Together with two Italian children from Rome’s Catholic Action, the largest lay association of Catholics in Italy, the pope released two white doves from his apartment window as a symbol of peace.
The pope, who seemed pleased the doves took flight immediately, said: “Well done. Sometimes they fly back” inside the studio window.
He thanked the association’s young people for taking part in the annual dove-release tradition and praised their commitment to helping other children who suffer from war and poverty.
In his main Angelus address, the pope commented on the day’s Gospel reading in which Jesus called his first apostles and began his public ministry “curing every disease and illness among the people” and preaching “the kingdom of heaven is at hand.”
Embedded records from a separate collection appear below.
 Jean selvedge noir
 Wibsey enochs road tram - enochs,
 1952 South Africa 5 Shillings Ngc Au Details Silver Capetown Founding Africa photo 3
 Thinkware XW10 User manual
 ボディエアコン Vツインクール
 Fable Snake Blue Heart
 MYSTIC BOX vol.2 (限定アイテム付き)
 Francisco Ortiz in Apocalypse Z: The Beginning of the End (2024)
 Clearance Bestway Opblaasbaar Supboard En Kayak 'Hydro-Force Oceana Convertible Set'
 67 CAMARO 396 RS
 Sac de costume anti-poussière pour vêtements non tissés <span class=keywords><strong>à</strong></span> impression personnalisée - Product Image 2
“What does this expression mean” that the kingdom of God or of heaven is near? the pope asked.
It is not heralding an earthly kingdom, he said, “it proclaims it is God who rules, that God is Lord and his lordship is present, current and being realized.”
God rules the world through his son and wherever Jesus goes, the Holy Spirit “brings life and people are healed of diseases of the body and spirit,” the pope said.
God’s rule “is thus manifested in a person’s complete healing,” he said.
Jesus, in fact, wanted to reveal God’s true face: a God who is nearby, “full of mercy for every human being, the God who gives us the gift of life in abundance, of his own life,” he said.
“The kingdom of God furthermore is life that asserts itself over death, the light of truth that dispels the darkness of ignorance and lies,” said the pope.
The pope also marked World Leprosy Day, encouraging those who assist the more than 200,000 people with Hansen’s disease, known formerly as leprosy.